WORK REQUIRED: Write out exactly the lines of the entries below from the one holding "Nilight Running Boards" to the one holding "The forestry safety", inclusive, and leave out all other lines.

[MATERIAL SUPPLIED Boundary: Start]

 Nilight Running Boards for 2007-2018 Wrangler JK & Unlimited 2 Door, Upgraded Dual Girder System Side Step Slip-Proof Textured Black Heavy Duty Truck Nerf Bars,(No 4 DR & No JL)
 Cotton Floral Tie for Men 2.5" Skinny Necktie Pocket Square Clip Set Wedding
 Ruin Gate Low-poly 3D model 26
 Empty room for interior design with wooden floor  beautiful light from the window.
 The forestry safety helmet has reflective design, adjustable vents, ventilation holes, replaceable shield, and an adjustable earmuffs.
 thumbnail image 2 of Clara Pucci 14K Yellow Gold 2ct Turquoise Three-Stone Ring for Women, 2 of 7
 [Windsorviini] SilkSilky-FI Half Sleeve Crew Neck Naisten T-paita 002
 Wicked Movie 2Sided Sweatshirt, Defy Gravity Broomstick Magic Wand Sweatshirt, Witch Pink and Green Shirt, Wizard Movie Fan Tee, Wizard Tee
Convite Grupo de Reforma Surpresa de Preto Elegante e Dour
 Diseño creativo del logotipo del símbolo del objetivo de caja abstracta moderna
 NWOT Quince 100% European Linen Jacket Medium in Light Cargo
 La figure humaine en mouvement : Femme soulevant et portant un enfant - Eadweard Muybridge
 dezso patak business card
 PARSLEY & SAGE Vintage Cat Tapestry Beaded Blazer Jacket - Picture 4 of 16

[MATERIAL SUPPLIED Boundary: End]
[MATERIAL SUPPLIED Boundary: Start]

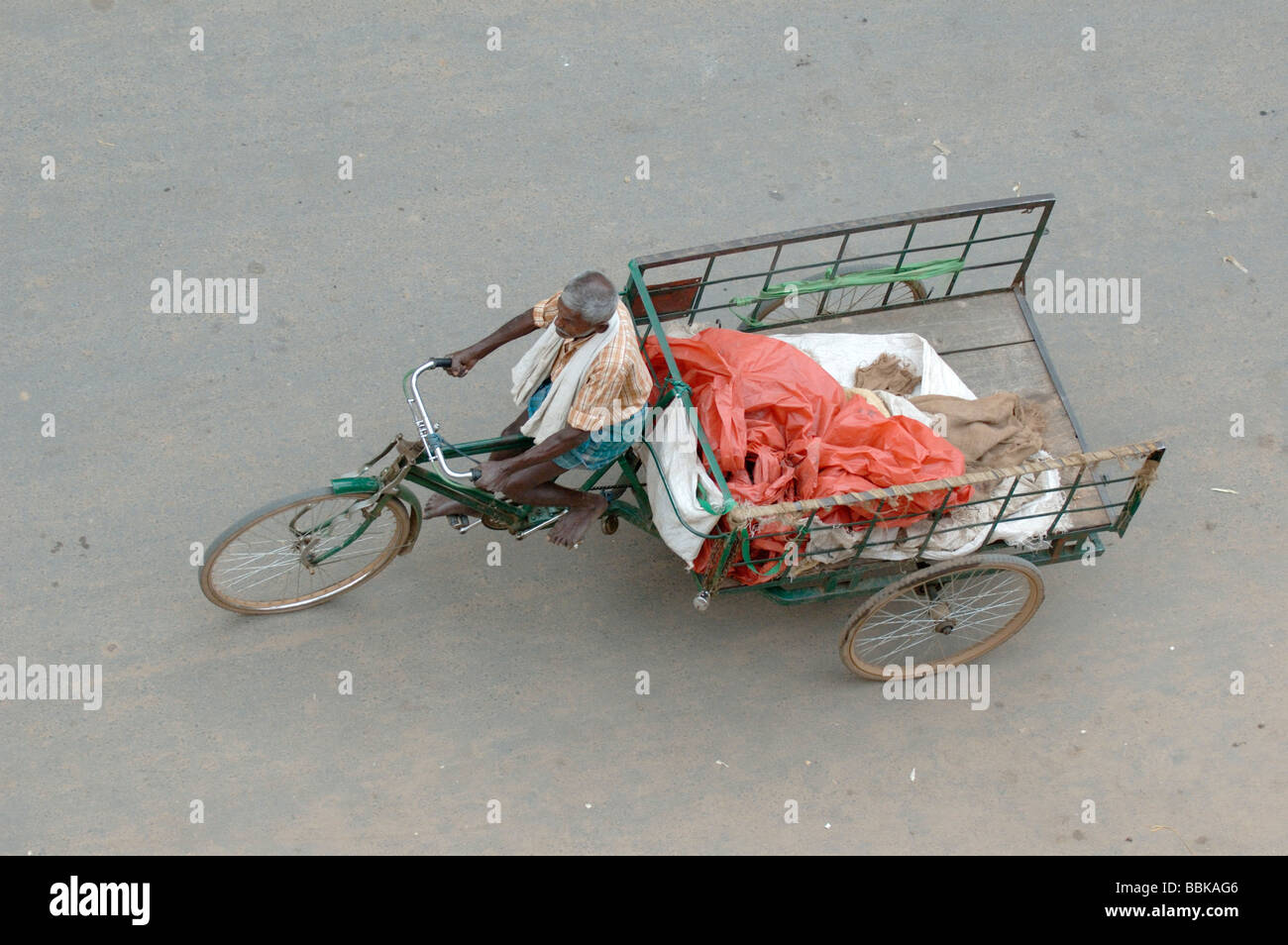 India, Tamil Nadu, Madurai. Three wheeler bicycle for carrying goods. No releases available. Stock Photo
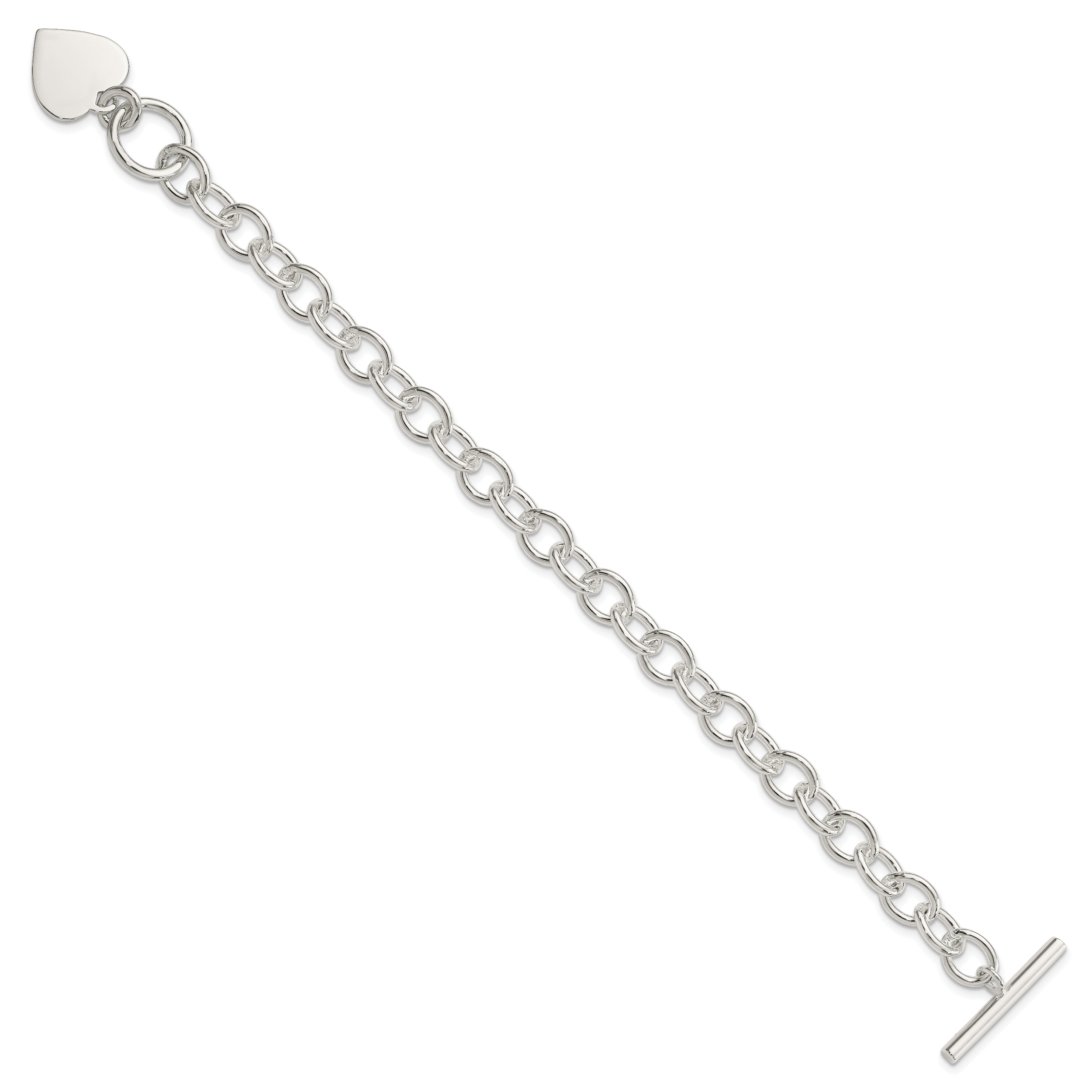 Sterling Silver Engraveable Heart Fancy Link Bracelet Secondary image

[MATERIAL SUPPLIED Boundary: End]
[MATERIAL SUPPLIED Boundary: Start]

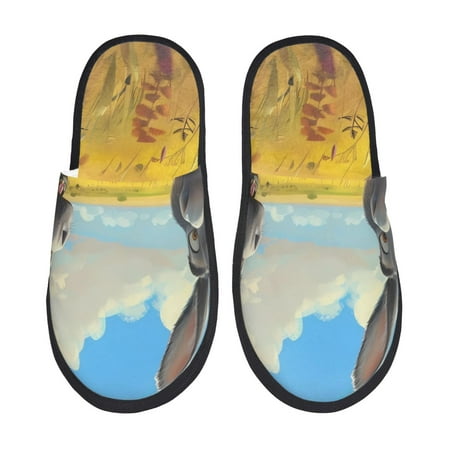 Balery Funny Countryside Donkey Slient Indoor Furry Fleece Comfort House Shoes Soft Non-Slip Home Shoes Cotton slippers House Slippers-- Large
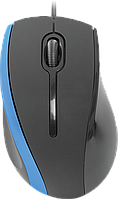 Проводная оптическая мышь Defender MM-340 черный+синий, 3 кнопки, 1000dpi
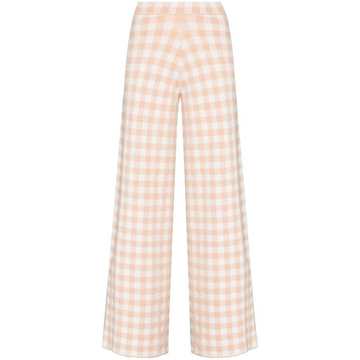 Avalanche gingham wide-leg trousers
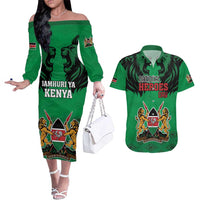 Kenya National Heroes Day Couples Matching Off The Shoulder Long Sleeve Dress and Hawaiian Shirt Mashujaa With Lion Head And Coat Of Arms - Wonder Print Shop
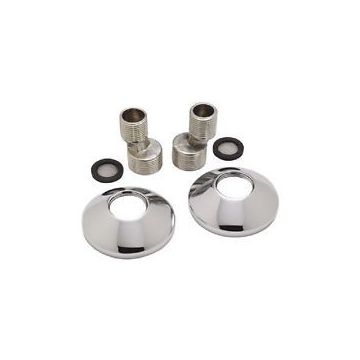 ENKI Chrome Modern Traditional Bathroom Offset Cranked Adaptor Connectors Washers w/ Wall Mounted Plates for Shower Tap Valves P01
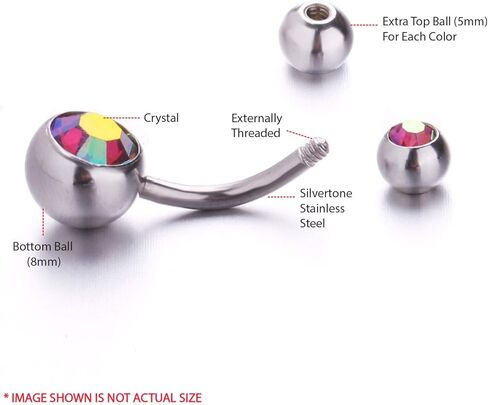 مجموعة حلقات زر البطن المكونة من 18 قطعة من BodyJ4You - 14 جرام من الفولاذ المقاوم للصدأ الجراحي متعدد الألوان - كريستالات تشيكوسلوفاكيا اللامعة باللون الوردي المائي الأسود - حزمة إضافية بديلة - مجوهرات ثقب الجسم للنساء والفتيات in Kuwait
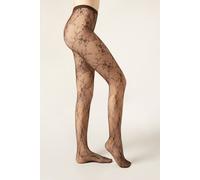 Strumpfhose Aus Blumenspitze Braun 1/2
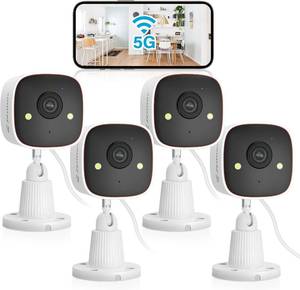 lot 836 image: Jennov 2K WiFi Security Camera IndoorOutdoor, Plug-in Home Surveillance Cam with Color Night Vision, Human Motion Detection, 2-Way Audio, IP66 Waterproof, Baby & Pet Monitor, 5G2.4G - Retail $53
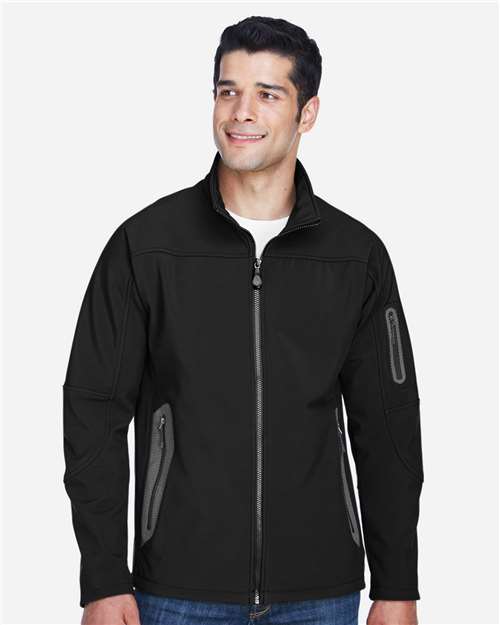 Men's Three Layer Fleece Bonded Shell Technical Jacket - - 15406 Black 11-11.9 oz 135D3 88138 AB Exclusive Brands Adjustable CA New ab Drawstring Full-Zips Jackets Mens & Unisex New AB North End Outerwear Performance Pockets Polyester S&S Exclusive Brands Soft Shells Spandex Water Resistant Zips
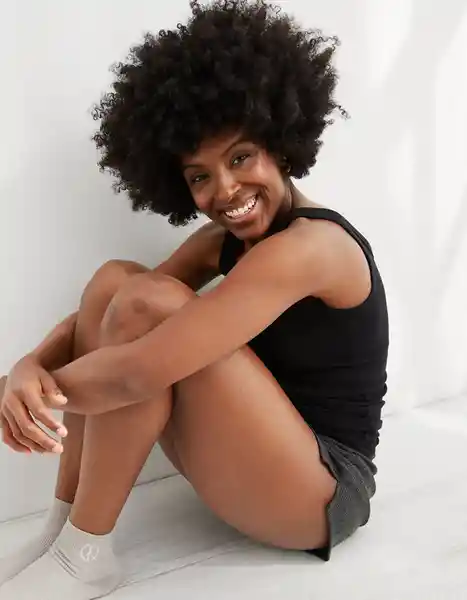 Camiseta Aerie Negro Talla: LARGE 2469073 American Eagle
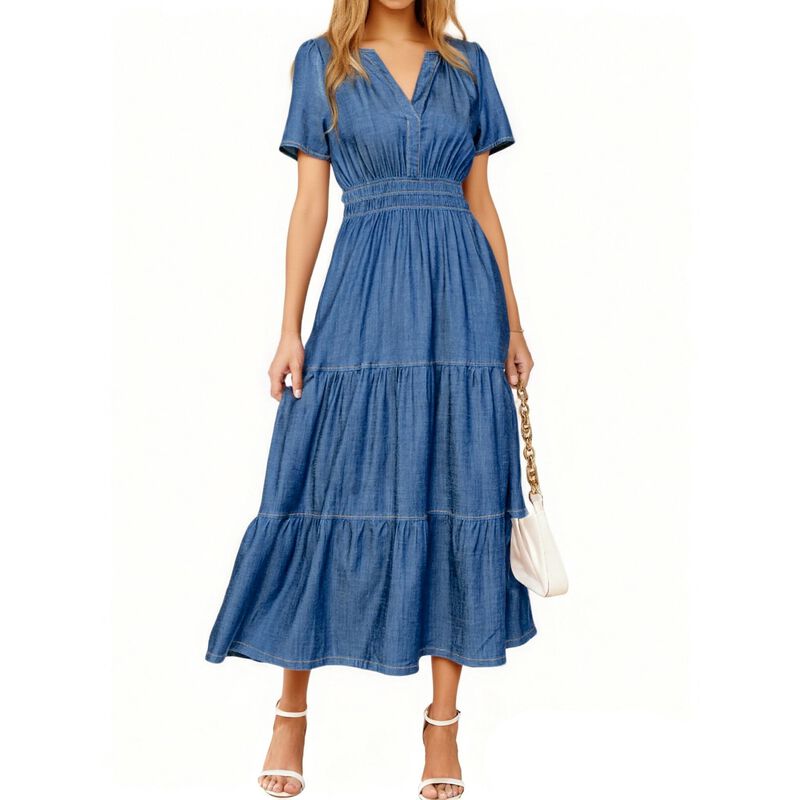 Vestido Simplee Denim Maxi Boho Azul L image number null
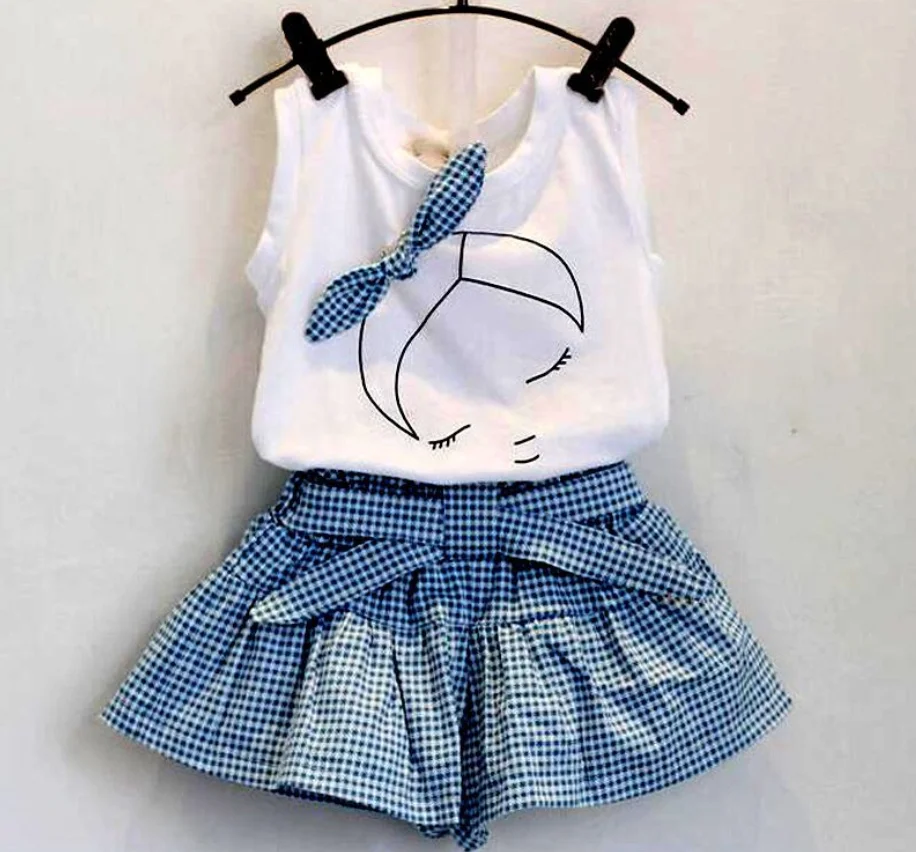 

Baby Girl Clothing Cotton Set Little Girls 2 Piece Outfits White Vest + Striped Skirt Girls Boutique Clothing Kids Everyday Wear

[MATERIAL SUPPLIED Boundary: End]

RESULT BELOW:
 Nilight Running Boards for 2007-2018 Wrangler JK & Unlimited 2 Door, Upgraded Dual Girder System Side Step Slip-Proof Textured Black Heavy Duty Truck Nerf Bars,(No 4 DR & No JL)
 Cotton Floral Tie for Men 2.5" Skinny Necktie Pocket Square Clip Set Wedding
 Ruin Gate Low-poly 3D model 26
 Empty room for interior design with wooden floor  beautiful light from the window.
 The forestry safety helmet has reflective design, adjustable vents, ventilation holes, replaceable shield, and an adjustable earmuffs.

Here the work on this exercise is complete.